SDGsへの取り組み 法務

写真:ゼネラル・カウンセル(GC)、チーフ・リスクマネジメント・オフィサー(CRO)、チーフ・コンプライアンス・オフィサー(CCO)兼 法務・コンプライアンス本部長 ローレンス・ウィリアム・ベイツ、タイトル文字:コンプライアンスとSDGsで信頼されるリーダーを目指す

私たち法務・コンプライアンス部門の使命は、事業目標の達成を支えるとともに、正しい行いによりブランド価値の基盤となるレピュテーション(評価)を守ることです。それは単に法令に違反しないことにとどまらず、ブランドの毀損に繋がる様々なリスクをいち早く察知し、今後予想される変化を先取りした行動規範を作っていくことです。

リスクに正面から向き合う

リスクを適切に評価、管理するために最も大切なことは透明性の向上です。私たちはマネジメント層における忌憚のない議論を促し、従業員やビジネスパートナーとの開かれたコミュニケーションを通じて様々なリスクや懸念を共有し、適切な施策を実行しています。その一環として、グローバルホットラインを開設するとともに、贈収賄・腐敗行為防止システムを創設、これに基づき特定の取引先に対するリスク・アセスメントを行いました。また、公正な業務推進のため、各種研修やマンガなど多言語の媒体を作成し全従業員への浸透を図っています。
今般の新型コロナウイルスの流行は、業績へのプレッシャーや新たな企業間連携の形成などにより、カルテルや贈収賄などコンプライアンス上のリスクを高める可能性があります。当社の経営層は、こうした事態においてもコンプライアンスの基本的な原則は一切変わらないことを改めて確認しました。

サプライチェーンを可視化する

調達活動においては、一次購入先様が適切に事業を行っていることを把握するだけでなく、その先の購入先様の状況まで遡り、コンプライアンスリスクを可視化することが大切です。私たちは社内の部門横断ワーキンググループを設置し、サプライチェーンにおけるリスクを総合的に理解することで、リスクの生じやすい特定の領域で監査を実施するなど、適切に、バランスの取れた対応を図っています。

データ社会とプライバシー保護の両立を目指して

エンドユーザーの様々なデータへのアクセスが可能になった今、B2B、B2Cのいずれのビジネスにおいてもプライバシー侵害のリスクが高まっています。EU一般データ保護規則(GDPR)や、それを超える新たなプライバシー管理体制のもと、企業は新たに発売する製品やサービスにおいてデータが適切に使用されることを社会に対して約束することが求められています。当社においてもお客様のデータを活用した事業に従来以上に重点を置こうとしている中、新製品の開発段階からコンプライアンスを組み込んだ新たなビジネスモデルを構築していく必要があります。
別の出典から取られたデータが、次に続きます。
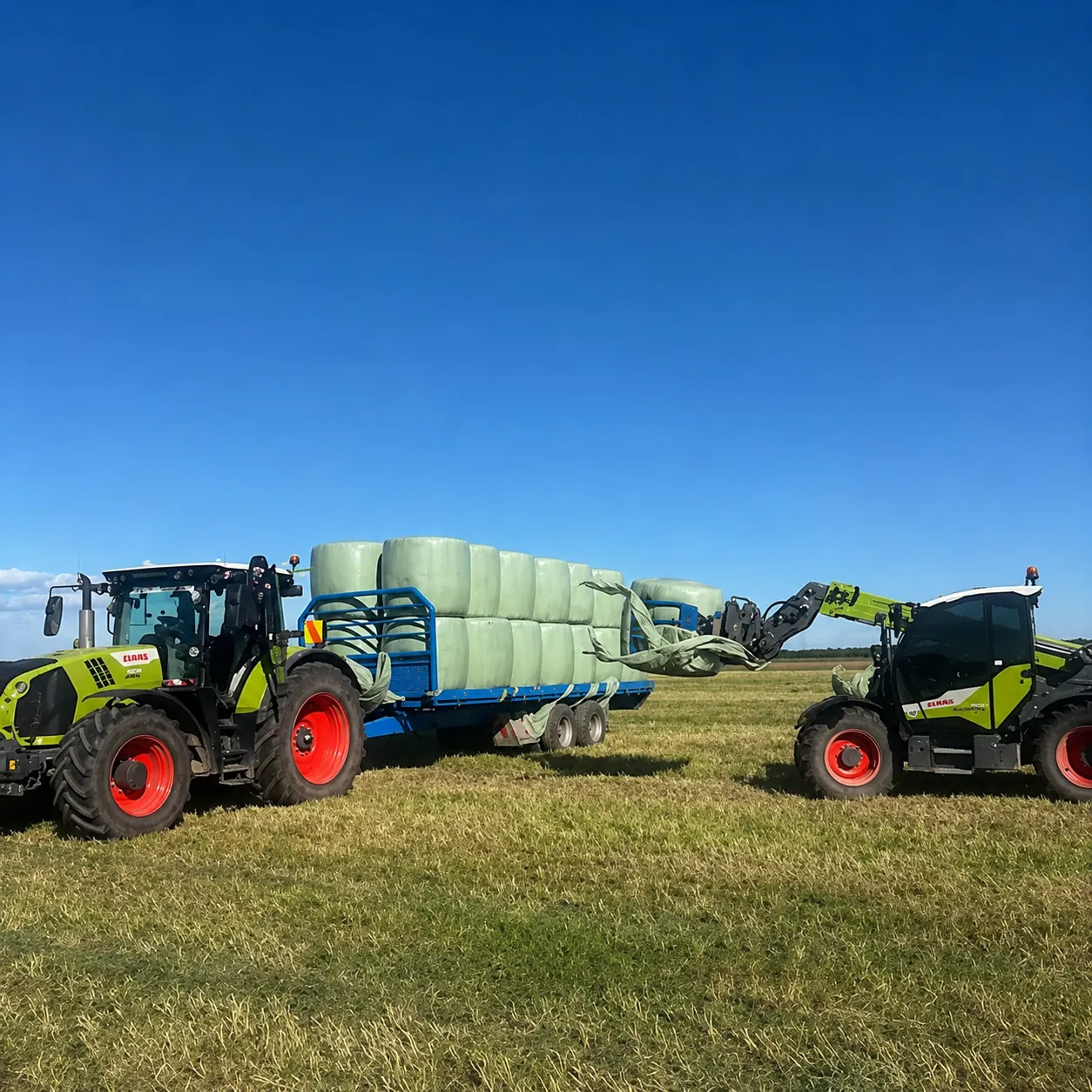 Claas tractor and loader stacking wrapped grass baleage in a Mid Canterbury paddock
また、世界各国で事業展開する当社は、データ活用とプライバシー保護の両立に向けて各国政府に働きかけられる立場でもあると考えています。

SDGsは法務・コンプライアンスの変革を加速する

写真:GC、CRO、CCO兼 法務・コンプライアンス本部長 ローレンス・ウィリアム・ベイツが語っている様子

SDGsは今後、リスクマネジメントなどとともに経営の意思決定プロセスに組み込まれていくと思います。私たちは取締役会に対し、リスクマネジメントは年1回、コンプライアンスについては年2回報告を行うなどして、経営陣のSDGs課題への関与を高めています。
社外に対しては、直面するリスクを特定して議論を深め、年次報告書などで開示していくことが当社の状況や姿勢をより明確に示すことに繋がります。

ホットラインに寄せられた情報を広く開示していくことなどで、SDGsの領域における世の中の規範づくりにも貢献できるでしょう。また、私たちはSDGsへの取り組みの基盤であるコーポレート・ガバナンスにおいても、パナソニックが良き企業市民として信頼を得るための重要な役割を担っています。